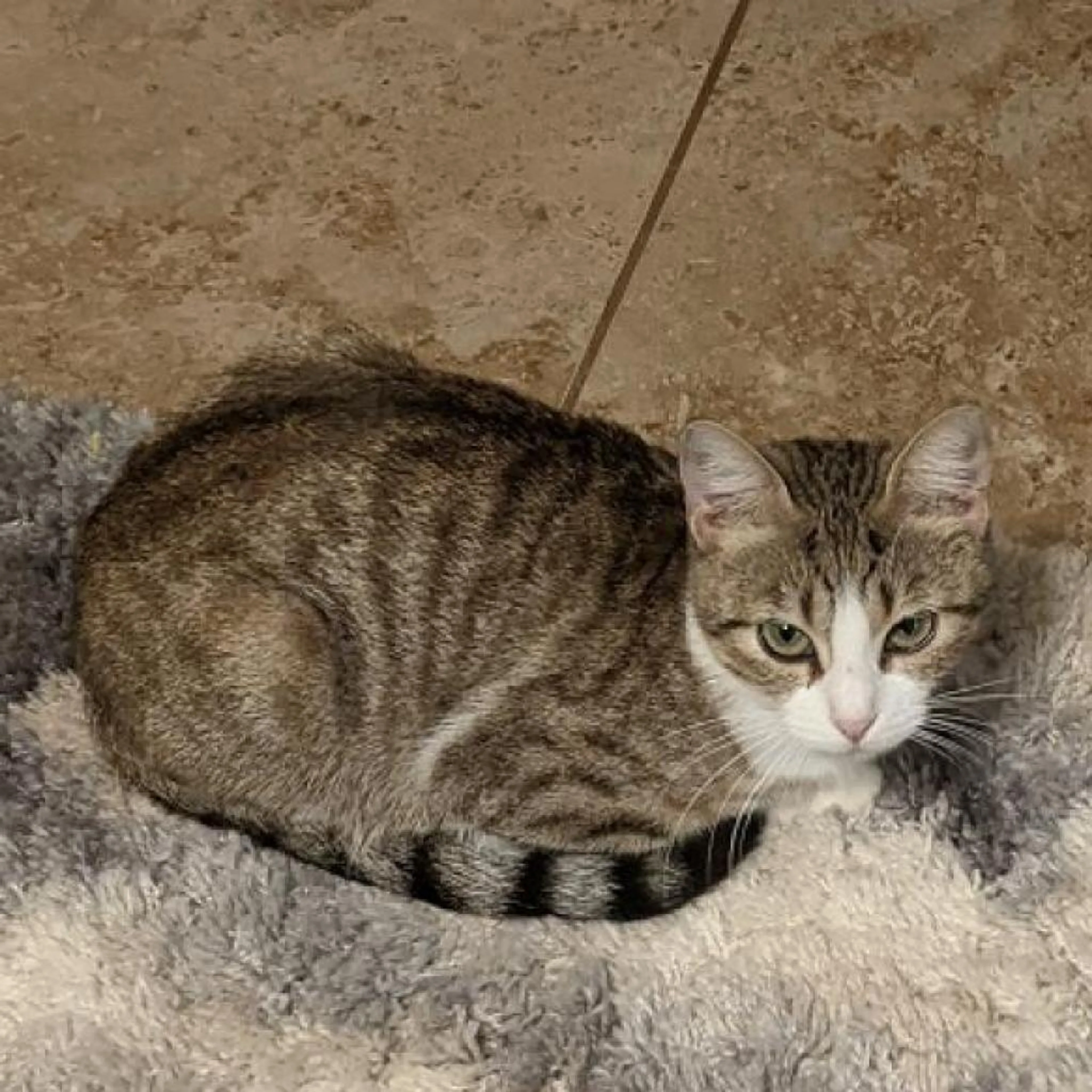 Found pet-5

══════════════════════════════

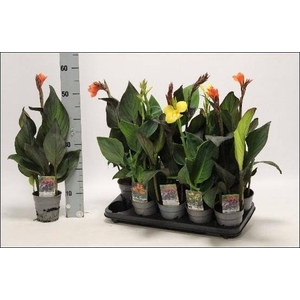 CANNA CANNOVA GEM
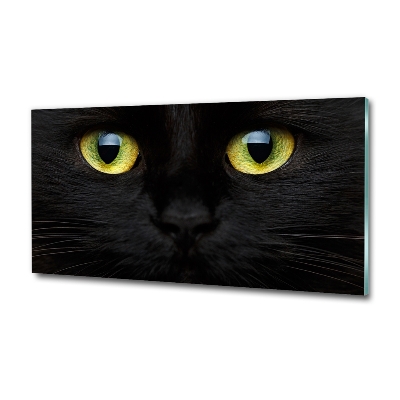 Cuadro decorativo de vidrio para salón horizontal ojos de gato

══════════════════════════════

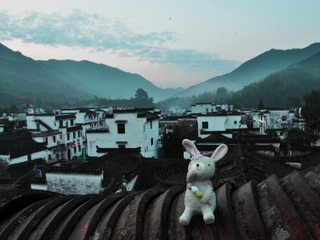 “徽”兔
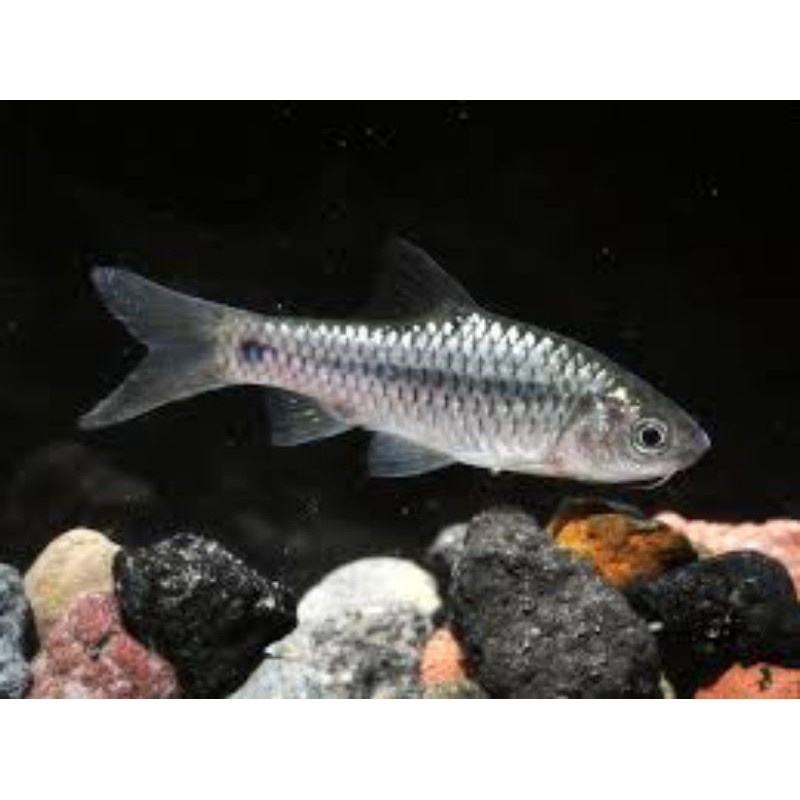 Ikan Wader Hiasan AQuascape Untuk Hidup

══════════════════════════════

ASSIGNMENT |
Only the lines above from the one with "CANNA CANNOVA GEM" to the one with "Cuadro decorativo de" should be printed, both included and exactly as written; no picture belongs in the copy.

RESPONSE |
 CANNA CANNOVA GEM
 Cuadro decorativo de vidrio para salón horizontal ojos de gato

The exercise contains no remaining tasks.